Monday, November 5, 2012

FRANKENSTEIN TIME WITH ALLIE: "Walton, in continuation" Summary and Analysis

 


 The novel returns to the frame of Walton’s letters to his sister, Margaret Saville.  In a letter on August 26, Walton says that he believes Victor’s story and recalls how Victor described himself as the victim of “lofty ambition,” which brought him to despair.  Walton laments that he did not know Victor when they could have been friends.  As Walton writes, “I have sought one who would sympathize with and love me.”  Yet while Victor responded kindly to his offers of friendship, he remained fixated on his only remaining destiny: to destroy the monster.   Walton and Victor are after the same thing: love, acceptance, and glory.  And in both cases, their ambition worked against their hope for love and acceptance.  Both men end up trapped and isolated, Walton by nature and Victor by the need for vengeance. 

 In a letter on September 2, Walton tells Margaret that his ship and crew are in grave danger: the ship is now surrounded entirely by ice.  He blames himself for their fate and says they may all die as a result of his “mad schemes.”  He fears a mutiny.   Just as Victor lost his innocence and realized the dangers of his ambition, so too does Walton.  Walton also fears vengeance from the “monster” of his crew.  

 In a letter on September 5, Walton says that his crew have demanded that he turn the ship around and head for home as soon as the ice frees them.  Victor speaks up in his defense, telling the rebellious crew members they should “be men” for they had set out to be the “benefactors of [their] species.”  The speech changes the crew’s mind, but Walton fears only temporarily. He says he’d rather die than return in shame with his “purpose unfulfilled.”   Walton maintains the innocent ideal notion that he can somehow enlighten all of humankind by seeing the North Pole. The same mix of arrogance, benevolence, and lust for fame fuels both his and Victor’s ambitions.  Victor’s speech implies that he has not, in fact, changed much at all.  

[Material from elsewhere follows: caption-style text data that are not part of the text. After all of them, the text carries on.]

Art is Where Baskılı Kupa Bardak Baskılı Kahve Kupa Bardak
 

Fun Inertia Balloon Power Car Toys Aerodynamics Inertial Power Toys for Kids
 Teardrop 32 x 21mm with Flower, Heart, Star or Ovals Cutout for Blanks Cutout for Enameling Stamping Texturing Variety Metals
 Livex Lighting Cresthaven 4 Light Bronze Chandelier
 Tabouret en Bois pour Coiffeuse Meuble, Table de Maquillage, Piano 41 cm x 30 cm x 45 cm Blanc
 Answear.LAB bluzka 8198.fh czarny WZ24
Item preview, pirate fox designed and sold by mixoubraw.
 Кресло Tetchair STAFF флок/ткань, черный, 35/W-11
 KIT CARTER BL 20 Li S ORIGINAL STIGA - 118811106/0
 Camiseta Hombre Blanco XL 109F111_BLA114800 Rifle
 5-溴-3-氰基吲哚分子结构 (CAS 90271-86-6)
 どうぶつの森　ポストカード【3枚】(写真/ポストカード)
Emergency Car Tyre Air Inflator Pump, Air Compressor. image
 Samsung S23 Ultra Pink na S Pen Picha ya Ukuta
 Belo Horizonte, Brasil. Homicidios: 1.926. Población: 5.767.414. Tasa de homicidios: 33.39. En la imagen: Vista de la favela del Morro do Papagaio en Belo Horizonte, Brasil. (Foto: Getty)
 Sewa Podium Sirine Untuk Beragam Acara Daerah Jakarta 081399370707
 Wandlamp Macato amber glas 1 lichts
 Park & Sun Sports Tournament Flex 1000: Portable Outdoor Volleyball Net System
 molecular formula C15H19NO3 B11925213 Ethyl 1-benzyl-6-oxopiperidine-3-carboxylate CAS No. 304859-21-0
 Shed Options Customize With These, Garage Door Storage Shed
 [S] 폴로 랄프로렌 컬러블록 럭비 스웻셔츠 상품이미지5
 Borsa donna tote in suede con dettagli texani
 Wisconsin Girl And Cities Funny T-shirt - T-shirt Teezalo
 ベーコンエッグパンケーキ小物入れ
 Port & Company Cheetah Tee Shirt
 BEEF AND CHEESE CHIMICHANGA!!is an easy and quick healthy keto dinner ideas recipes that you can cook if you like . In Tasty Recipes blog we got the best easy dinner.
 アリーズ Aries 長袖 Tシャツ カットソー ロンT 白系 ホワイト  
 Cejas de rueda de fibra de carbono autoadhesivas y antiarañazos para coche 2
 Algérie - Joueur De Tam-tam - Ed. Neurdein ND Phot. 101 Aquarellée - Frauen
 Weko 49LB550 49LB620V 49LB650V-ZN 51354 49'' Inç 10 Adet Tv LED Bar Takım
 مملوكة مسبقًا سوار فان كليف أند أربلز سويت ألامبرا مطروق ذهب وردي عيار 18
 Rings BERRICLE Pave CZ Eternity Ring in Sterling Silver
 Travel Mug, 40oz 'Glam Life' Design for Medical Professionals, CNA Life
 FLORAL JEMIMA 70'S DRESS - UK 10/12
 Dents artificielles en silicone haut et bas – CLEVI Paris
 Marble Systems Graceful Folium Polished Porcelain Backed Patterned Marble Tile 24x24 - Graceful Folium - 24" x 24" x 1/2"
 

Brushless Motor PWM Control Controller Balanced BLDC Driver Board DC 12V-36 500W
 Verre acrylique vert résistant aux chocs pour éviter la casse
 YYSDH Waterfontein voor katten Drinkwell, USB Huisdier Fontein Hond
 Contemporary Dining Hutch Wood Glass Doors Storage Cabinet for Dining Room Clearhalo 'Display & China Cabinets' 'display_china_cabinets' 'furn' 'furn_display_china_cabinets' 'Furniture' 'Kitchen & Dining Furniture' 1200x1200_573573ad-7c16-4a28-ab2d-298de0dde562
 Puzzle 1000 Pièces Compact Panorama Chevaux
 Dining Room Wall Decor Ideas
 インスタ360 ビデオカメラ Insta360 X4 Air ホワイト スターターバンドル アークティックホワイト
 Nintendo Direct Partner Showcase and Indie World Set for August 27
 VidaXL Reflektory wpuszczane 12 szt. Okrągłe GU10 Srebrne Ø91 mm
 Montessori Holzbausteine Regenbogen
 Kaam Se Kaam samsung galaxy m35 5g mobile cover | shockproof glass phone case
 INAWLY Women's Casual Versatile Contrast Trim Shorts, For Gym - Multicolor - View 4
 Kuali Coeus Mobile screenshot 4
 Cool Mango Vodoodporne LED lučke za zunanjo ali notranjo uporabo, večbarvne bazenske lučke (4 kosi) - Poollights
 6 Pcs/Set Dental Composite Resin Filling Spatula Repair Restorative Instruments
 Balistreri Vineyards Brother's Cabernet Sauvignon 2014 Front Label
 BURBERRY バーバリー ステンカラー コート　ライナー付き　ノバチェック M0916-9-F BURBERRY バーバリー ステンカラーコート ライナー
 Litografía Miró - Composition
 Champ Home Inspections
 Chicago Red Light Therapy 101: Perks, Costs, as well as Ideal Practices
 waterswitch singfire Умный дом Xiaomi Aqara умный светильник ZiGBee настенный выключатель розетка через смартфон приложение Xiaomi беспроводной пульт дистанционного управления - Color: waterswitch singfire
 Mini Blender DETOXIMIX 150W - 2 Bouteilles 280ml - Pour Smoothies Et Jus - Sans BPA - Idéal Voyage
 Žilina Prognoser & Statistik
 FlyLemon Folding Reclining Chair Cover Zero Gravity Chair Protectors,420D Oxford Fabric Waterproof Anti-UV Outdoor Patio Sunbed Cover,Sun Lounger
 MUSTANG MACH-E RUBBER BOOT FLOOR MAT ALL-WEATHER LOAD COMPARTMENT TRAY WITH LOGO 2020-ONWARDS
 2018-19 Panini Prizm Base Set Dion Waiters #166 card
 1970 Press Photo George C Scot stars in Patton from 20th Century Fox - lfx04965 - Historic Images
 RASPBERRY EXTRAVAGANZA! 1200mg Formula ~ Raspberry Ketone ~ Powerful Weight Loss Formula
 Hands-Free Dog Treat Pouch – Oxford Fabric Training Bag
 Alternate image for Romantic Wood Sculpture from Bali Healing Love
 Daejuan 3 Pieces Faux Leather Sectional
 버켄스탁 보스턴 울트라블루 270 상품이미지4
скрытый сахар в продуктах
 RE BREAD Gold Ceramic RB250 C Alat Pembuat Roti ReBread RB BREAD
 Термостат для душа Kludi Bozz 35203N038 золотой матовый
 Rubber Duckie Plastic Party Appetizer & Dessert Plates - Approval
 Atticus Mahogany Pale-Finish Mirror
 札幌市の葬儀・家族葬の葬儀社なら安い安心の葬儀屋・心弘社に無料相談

 In a letter on September 7, Walton says he has agreed to the crew’s demand to turn back.  He considers what has happened an injustice.   Like Victor, Walton blames his failure not on his ambition or his fallibility, but on others. 

 In his final letter on September 12th, Walton says that he has turned back, his hopes of “glory” and “utility” crushed. In addition, Victor, has died.  Victor had objected to Walton’s decision to turn back his ship and said that his own “purpose” remained firm.  Victor then tried to rise and return to the ice, but could not.  He reaffirmed his certainty that he acted well in trying to defend his fellow man against the monster, his creation.  He then died quietly, eager to rejoin the relatives he had lost in life.  Like Victor, Walton’s ambition destroys everything around him until he’s left alone.  Victor, quick to judge everything but himself, expects Walton to stick to his convictions, but his own conviction is a need for revenge.  If he had truly acted in “good faith,” he would have confronted his prejudice, or, failing that, told his secret earlier.   

Walton interrupts his letter upon hearing a disturbance in the cabin where Victor’s body lies.  He returns to tell Margaret that he has just seen the monster crying over Victor’s corpse. To Walton’s shock, the monster says he suffered remorse and pity for Victor all along. Walton calls the monster a “wretch.”  The monster is unsurprised, having been rejected by people from the start. It says that it abhorred itself even as it was doing evil, and describes itself as a “fallen angel,” yet it also wonders why only it, and not Felix, or the man who shot it, or Frankenstein, is considered a “criminal.” The monster then promises to end its own life, springs from the cabin back onto the ice, and disappears.  The last person the monster encounters before killing itself treats it unfairly, with the same prejudice and bitterness the monster faced throughout its life. The monster’s use of religious language to describe its plight suggests the connection between Frankenstein and Paradise Lost, and between the monster, Adam, and Satan.  With a final condemnation of the prejudice it has always faced and the weakness of men, the monster reveals its final loss of innocence: it’s own self-hatred, and wish to die.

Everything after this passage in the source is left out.